Le patron de Siemens a fait l'éloge de Carola Rackete. Il a blâmé Alice Weidel et a attaqué Donald Trump. C'est naïf et peut-être même dommageable pour l'entreprise. Un PDG doit satisfaire les intérêts de ses investisseurs, ne pas faire part de ses convictions. [...]
A présent, la colère de Joe Kaeser se focalise sur les tirades "racistes" de Donald Trump à l'encontre de quatre femmes démocrates. Cela a valu au patron de Siemens les éloges de la Fédération de l'industrie allemande et d'environ 1000 faiseurs d'opinion [...].
Le patron de Siemens n'est pas un entrepreneur qui risque son propre argent. C'est un employé et il gère de l'argent qui ne lui appartient pas. A cet égard, il dépend des instructions des actionnaires. Ces derniers ne l'ont pas autorisé à exprimer son opinion politique. Une telle autorisation serait également peu probable, puisque la majorité de la société appartient à des étrangers, dont beaucoup ne sont pas intéressés par les opinions politiques de leur administrateur. Mais Joe Kaeser ne leur a pas demandé leur avis non plus. [...]

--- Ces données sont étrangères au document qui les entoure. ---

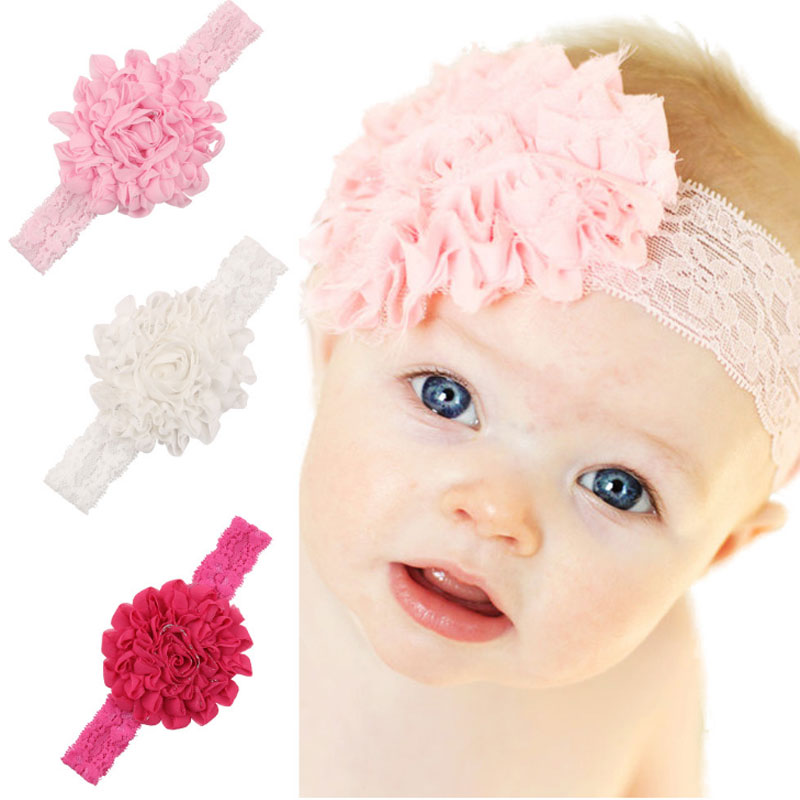 

Hot sale New Baby lace Flower Hair band knitted elastic headbands Head Bands baby Hair Accessories, Mixed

Un PDG doit satisfaire les intérêts de ses investisseurs. Il ne peut pas faire part de ses convictions. On ne peut pas exclure qu'il ait porté atteinte aux intérêts de l'entreprise en perdant des contrats américains. Sa déclaration, selon laquelle il exprimerait une opinion privée, est ridicule. Lorsque M. Kaeser parle en public, il parle toujours en tant que patron de Siemens. Si j'étais membre du Conseil d'administration, sa décharge de responsabilité m'irriterait profondément.
Les tweets contribuent à un développement qui se propage comme un champignon nucléaire dans les sociétés occidentales - la moralisation. "Agenouillez-vous et confessez que vous êtes une mauvaise personne !" Quiconque passe de l'économie moralisatrice au système politique ne devrait pas être surpris si, inversement, la politique s'étend au système économique. Il y a quelques mois, lorsqu'il s'agissait de fournir du ciment allemand pour l'éventuelle construction du mur de Donald Trump, plusieurs voix se sont élevées pour considérer cela comme moralement inacceptable.
Depuis Luhmann, nous savons que chaque fois qu'un sous-système social commence à corrompre d'autres sous-systèmes, il est en crise. Il est intéressant de noter que parmi les apologistes des tweets de Joe Kaeser, nombreux sont ceux qui dénoncent la banalisation de l'économie dans d'autres système sociaux mais l'approuvent lorsque cela profite à leur idéologie. Pourtant, dans le système économique, nous avons une valeur infiniment précieuse, car idéologiquement neutre : le marché. C'est la seule "valeur" sur laquelle une entreprise peut s'orienter dans un ordre libéral. Le client décide d'acheter un produit ou de ne pas l'acheter. Il remplace ainsi l'aveu conflictuel par l’échange pacifique.
Il est possible que M. Kaeser utilise les migrants et les politiciennes démocrates simplement pour un gain de moralisation populiste. Ensuite, c'est aux clients de décider une fois encore s'ils préfèrent le triomphe du Bien aux lois de la raison.
(Traduction libre Christian Hofer pour Les Observateurs.ch)
Welt.de
A noter que le "journal" le Temps fait évidemment l'éloge de Joe Kaeser.